20 comments… add one
  • Arpita September 1, 2018, 5:44 am

    Hi there! This looks absolutely delicious. I am thinking of making this at a food sale. Was wondering how does this dish hold up when a little cold? Would need to make them ahead of time :)

    • Rachel September 2, 2018, 3:28 am

      Hi Arpita, it’s definitely best when right out of the steamer, although it does fine when reheated at home as well. Best, Rachel

  • Mariafe foose May 7, 2018, 2:41 pm

    My husband and I just got back from Thailand
    And fell in love with this food
    Now that I have a recipe’s i know my other son would love too.

  • Jim March 7, 2017, 1:18 pm

    Looks amazing! Would this work as a starter?

  • ไมค์ September 8, 2015, 4:06 am

    To Kerry’s question. .. Try using ramekins and put them in a water bath (maybe half way up the side of the ramekin), Loosely cover and steam in the oven at about 300 or 325. Timings will change, but it should work fine.

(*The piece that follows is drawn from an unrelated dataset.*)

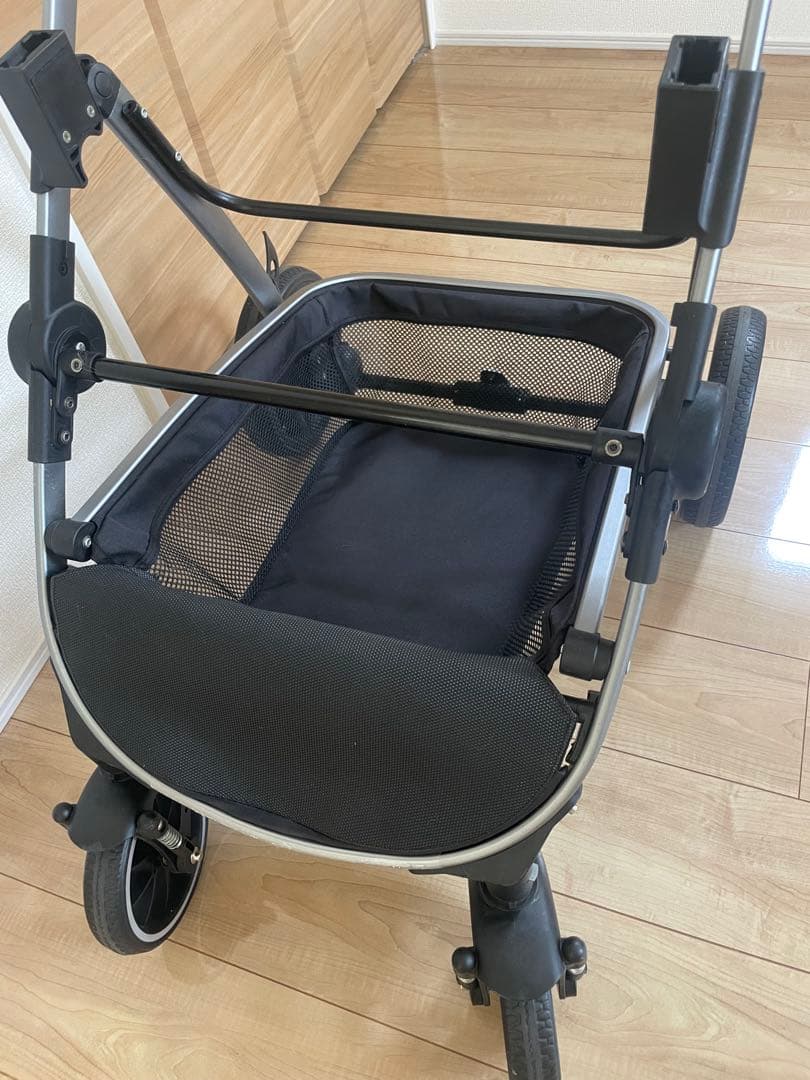 値下げしました‼️折りたたみ式ペットカート グレー送料込みで安心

  • ไมค์ September 8, 2015, 4:03 am

    Great rendition of this dish!! The hardest part for me is making decent banana leaf boats. Ramekins work almost as well – at the expense of authenticity.

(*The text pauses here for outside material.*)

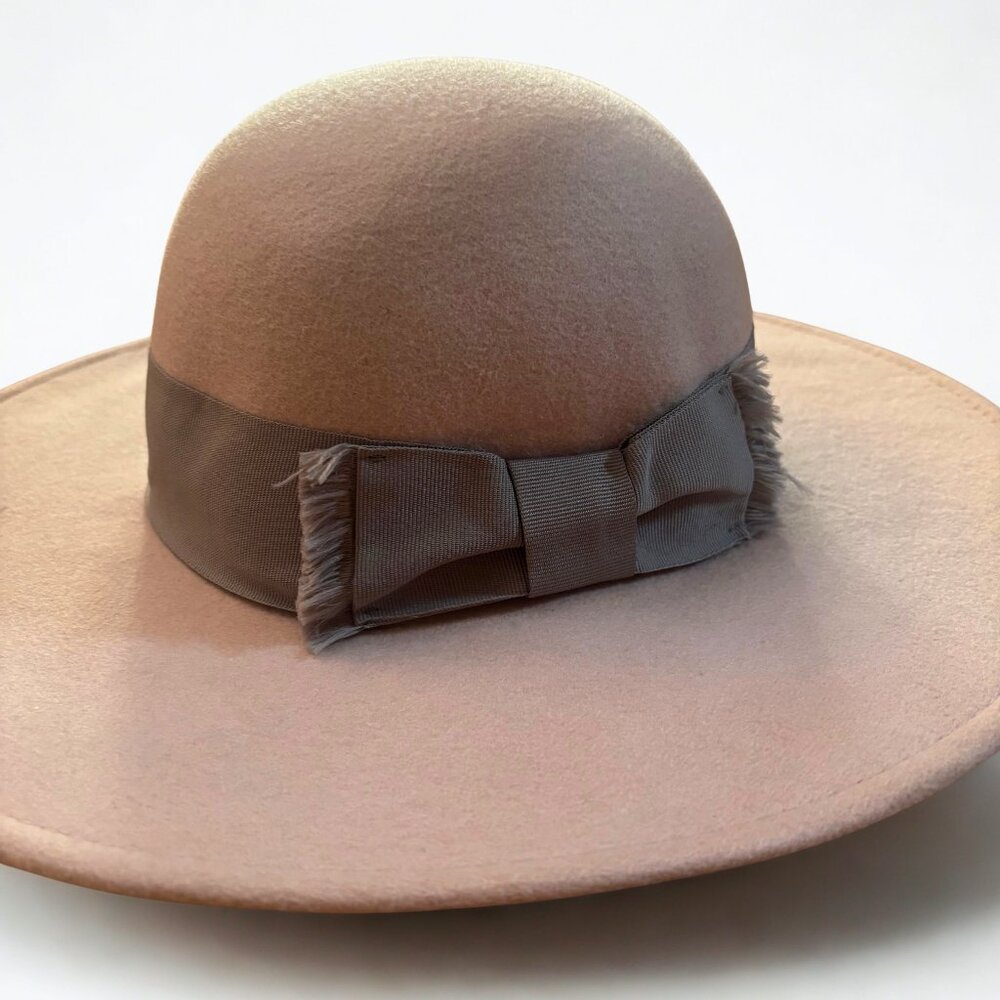 August Hat Company Wide Brim Felt Hat in Blush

    Made this one time using finely-sliced, steamed cabbage as the ‘bed’. Be sure to squeeze the excess liquid off before putting it in the boat/ramekin

    Thanks for a great recipes

  • KerrY December 3, 2014, 2:18 pm

    Is there another way of cooking this as I don’t have a steamer
    Khob Kuhn Ka

    • Rachel December 3, 2014, 3:25 pm

      Hi Kerry, I haven’t tried cooking it any other way, so I’m not sure…

  • cyn October 4, 2014, 8:59 am

    pictures look absolutely stunning!

    • Rachel October 4, 2014, 2:34 pm

      thanks, Cyn!

  • peephole March 6, 2014, 6:19 pm

    Looks lovely in those banana bowls–great idea. I just saw this dish on the Penang show by Anthony Bourdain and wanted to find a recipe on the internet. It’s just like fish mousseline, but made with coconut milk instead of cow-cream. Much more healthy!

  • Galih November 12, 2013, 7:12 pm

    Love your site so much,,,, we tried to cook this one and obsoluilty big success…my German family love it!! Thanks a lot…love your photograph…make people salivating….;)

    • Rachel November 13, 2013, 1:32 am

      Thanks so much, Galih! I’m happy you enjoyed it!

  • Tina November 7, 2013, 1:45 am

    Hi, this sounds amazing! Do the banana leaves flavor the fish or curry at all?

    • Rachel November 7, 2013, 5:07 pm

      Hi Tina, the banana leaves impart a very subtle flavor to the dish. I’m sure it would still be excellent if you don’t use them though!

  • Alisa October 28, 2013, 12:48 pm

    I’ve been craving this dish! Most Thai restaurants don’t have this on the menu either. I thought it would be complicated to make, but you make it sound easy enough. I’ll definitely try to make this, but one question for you. What is coconut cream? Is it the same thing as coconut milk?

    • Rachel October 28, 2013, 3:00 pm

      Hi Alisa! Coconut cream is basically the thicker, creamier part of coconut milk. If you leave coconut milk to sit, undisturbed, it will naturally separate into its cream and milk layers — the cream will float on top and the thinner milk will be at the bottom. If you’re using canned coconut milk, just don’t shake the can before you open it and you can scoop the cream right off the top :)

  • Fawn @ Cowen Park Kitchen October 12, 2013, 2:35 am

    This looks really delicious. I will certainly be pinning this to make later!

  • Purabi Naha | Cosmopolitan Currymania September 18, 2013, 5:00 pm

    OH MY! I have never come across such a Thai dish. This looks so pretty and love the layering. It is an absolute “go-to” recipe for those who love fish recipes and Thai food. I love the photograph!